World crude oil prices tumbled to around $42 a barrel this week following China’s decision to devalue its currency.  Prices are down 11% in the space of two weeks. Many oil producers and governments that had become accustomed to $100+ oil are hurting badly. In the US many, if not most, of the smaller shale oil producers are in serious trouble. Bankers will not loan them money; equity financing has dried up since June; and for some the only solution is to sell off assets (such as oil and gas fields) at fire-sale prices. The US oil industry needs to cut production by at least 500,000 barrels per day in order to stop the over supply and send oil prices higher.

Over the next three years, lower world oil prices could result in some $4.4 trillion in lower revenues for the world’s oil producers. Much of this revenue will be lost by the larger oil companies that are only maintaining production these days with very expensive deep-water oil fields. There is not as much room for efficiencies for large companies as there is for the smaller producers, so deep reductions in capital expenditures by the major oil companies are taking place. Revenues for the service companies that support offshore drilling are already down by about one-third and additional cuts are coming.

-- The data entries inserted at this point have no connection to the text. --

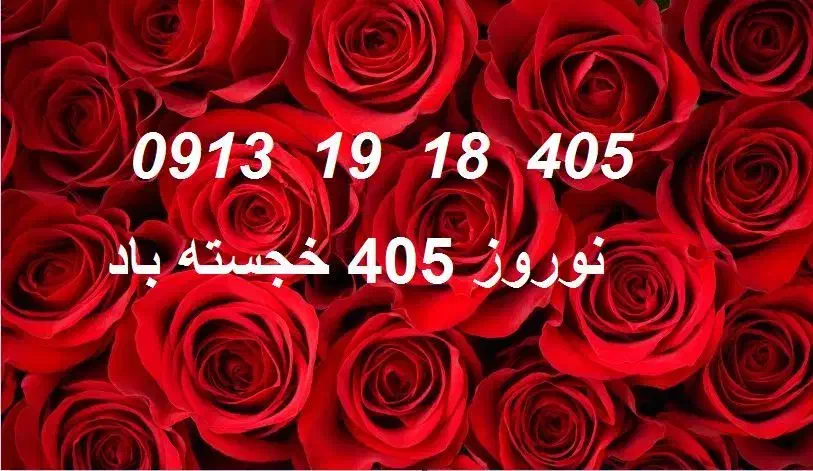 0913.19.18.405|سیمکارت|رفسنجان, |دیوار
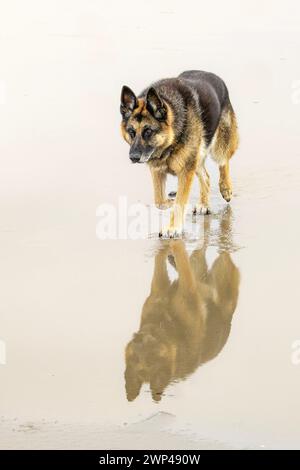 Primo piano di un pastore tedesco che cammina orgogliosamente sulla spiaggia coperta da un sottile strato d'acqua che si riflette sulla superficie dell'acqua Foto Stock
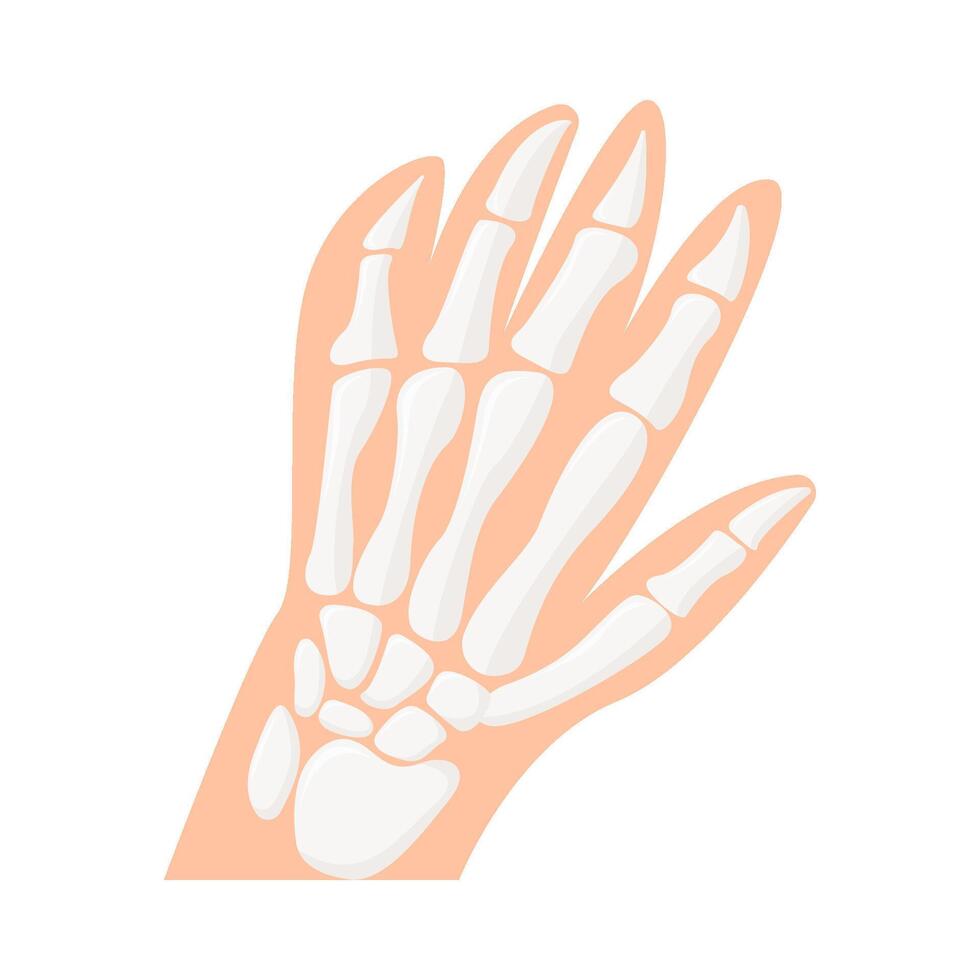 bone hand illustration vector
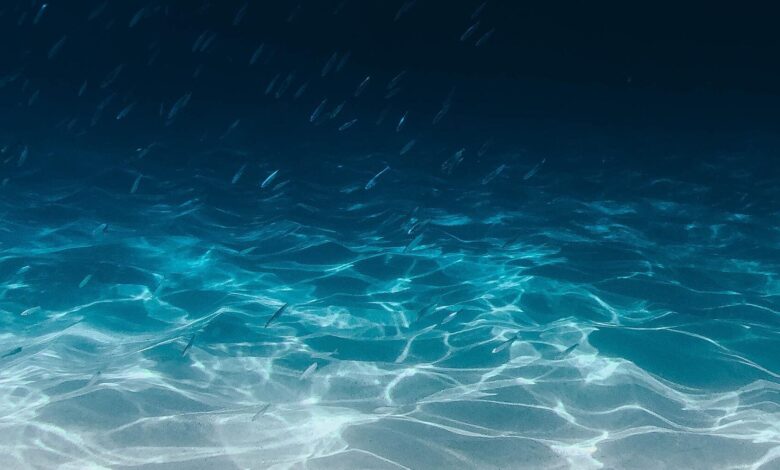 ¿Por que el Oceano Indico se llama asi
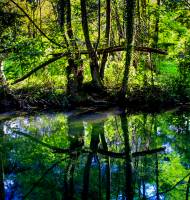 Annelise ROTH - Annelie R Photography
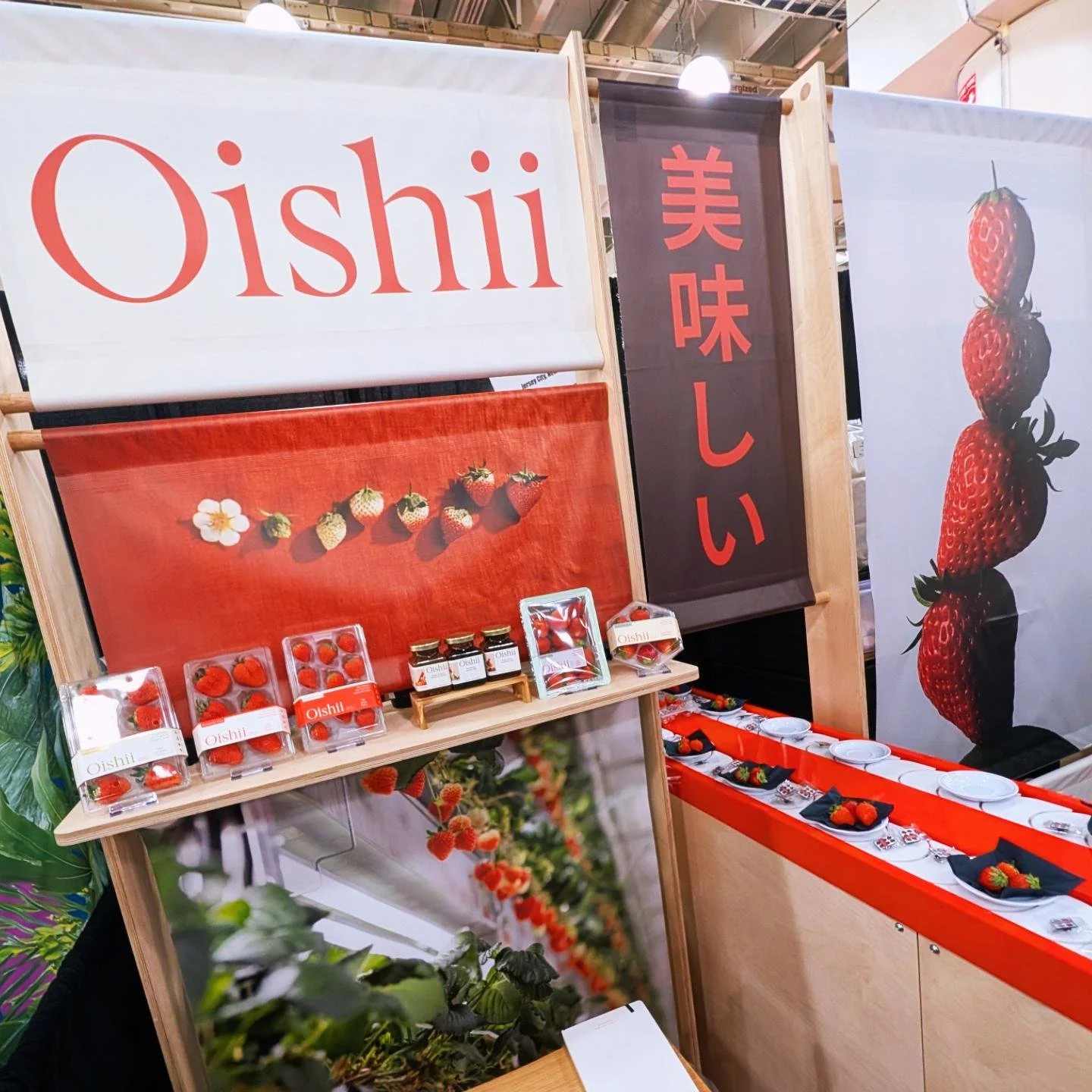 SK STUDIO OUT + ABOUT | SUMMER FANCY FOOD SHOW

Industry observers think that over the next three to five years a lot less new oil production will be coming on line. This in turn implies that at some point before the decade is out, oil prices will rise again allowing expensive producers such as Canada’s tar sands and deep water oil producers to again increase production.

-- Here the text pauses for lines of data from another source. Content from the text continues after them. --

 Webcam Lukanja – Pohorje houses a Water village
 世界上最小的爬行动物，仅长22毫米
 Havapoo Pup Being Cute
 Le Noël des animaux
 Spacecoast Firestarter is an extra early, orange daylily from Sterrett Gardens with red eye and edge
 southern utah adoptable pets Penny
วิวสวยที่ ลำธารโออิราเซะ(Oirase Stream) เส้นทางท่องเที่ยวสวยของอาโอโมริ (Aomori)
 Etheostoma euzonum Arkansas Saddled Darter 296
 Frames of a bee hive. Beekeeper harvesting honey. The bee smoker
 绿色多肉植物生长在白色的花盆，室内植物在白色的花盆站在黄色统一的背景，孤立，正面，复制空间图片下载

Magnus Nysveen, head of analysis at Rystad, said global oil companies are likely to cut investment another 5% to 15% next year, after a 21% cut this year.

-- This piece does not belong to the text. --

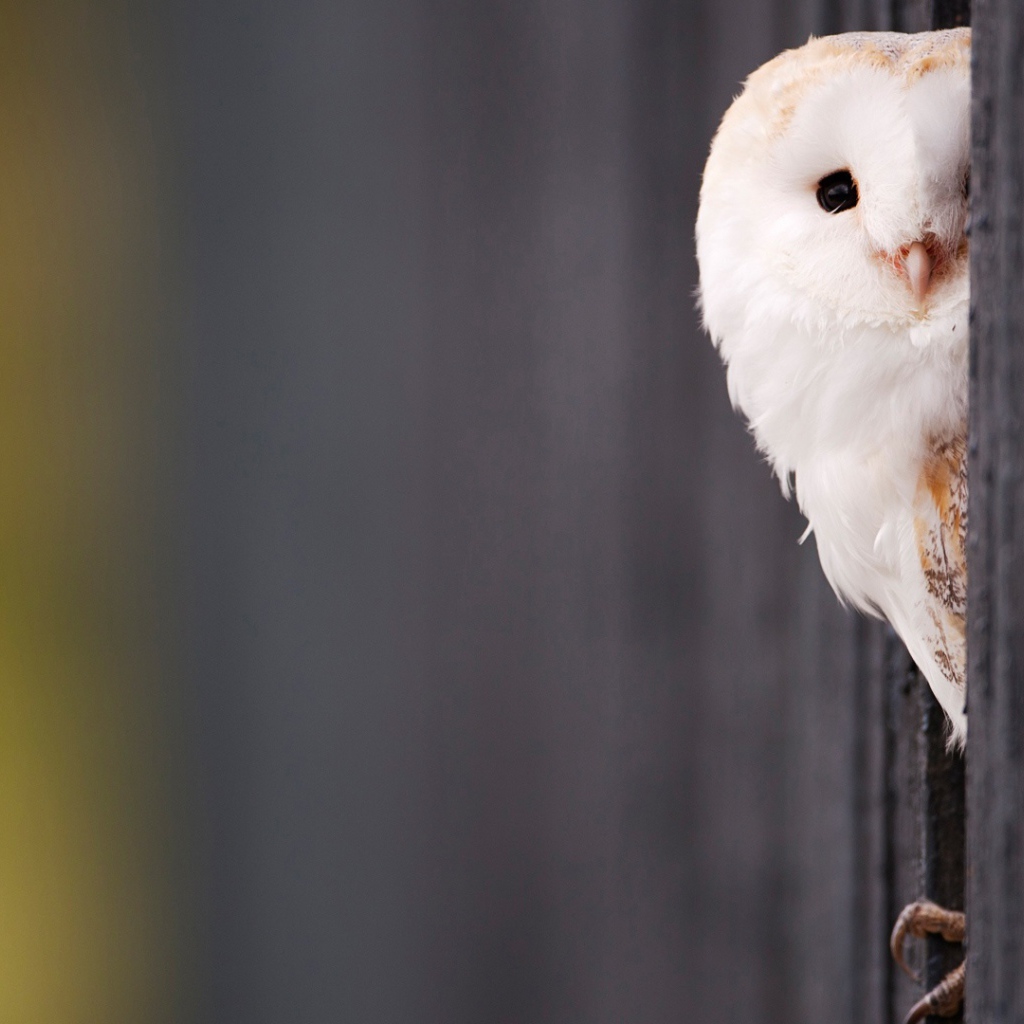 Красивая белая сова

US imports of Canadian oil and gas is down 7% over the past year. Canada relies heavily on export revenue from oil and natural gas with most of its crude oil exported to the US.

Shell Oil’s geologists believe that some 26 billion barrels of crude oil lay buried underneath the Arctic Ocean off of Alaska.

Companies that transport and store crude oil and refined products, as well as manage shipping terminals reported soaring profits this week. The glut of crude oil brought to market generally means more business for operators of pipelines, tanker trucks, storage tanks and marine terminals.

Together Russia and Iran have roughly over 40% of world natural gas reserves. It is anticipated Iran and Russia will cooperate within an OPEC-like formula to influence world prices.

Industry observers believe it will take a decade for Iran to be ready to provide sizeable shipments of natural gas to Europe. Iran’s domestic needs will be dramatically increasing and will absorb a substantial portion of the country’s gas output for some time to come.

US natural gas exports to Mexico are expected to soar in the coming years now that Mexico has opened its electricity market to private investment. Contracts have been let to build power plants, electrical distribution facilities and natural gas pipelines. As a result, US pipeline companies and gas producers expect to capture a vast share of that market.

New Zealand announced it will cease production of coal-fired electricity generation in 2018.

The government of India announced it is on track to installing 175 gigawatts (GW) of renewable energy by 2022. India is currently expected to increase electricity demand by 60% per year until 2021, and predicts 75 GW of installed solar power could deliver 22% of the required energy generation increase. India has become an increasingly popular destination for solar development, due to a favourable climate and abundant solar resources. An official for the Institute for Energy Economics and Financial Analysis said:

“India is replicating Germany’s and China’s systematic electricity sector transformation, with the added advantage that the cost effectiveness is accentuated by the fact that the price of solar electricity has dropped by 80% in 5 years.”

The Canadian province of Nova Scotia has ended a program that subsidized the production of small-scale renewable energy projects. In withdrawing the feed-in tariff for small-scale wind and solar, the government said that the program had already achieved its purpose. Nova Scotia joins several European countries that had ended or sharply cut back on subsidies for the production of renewable energy.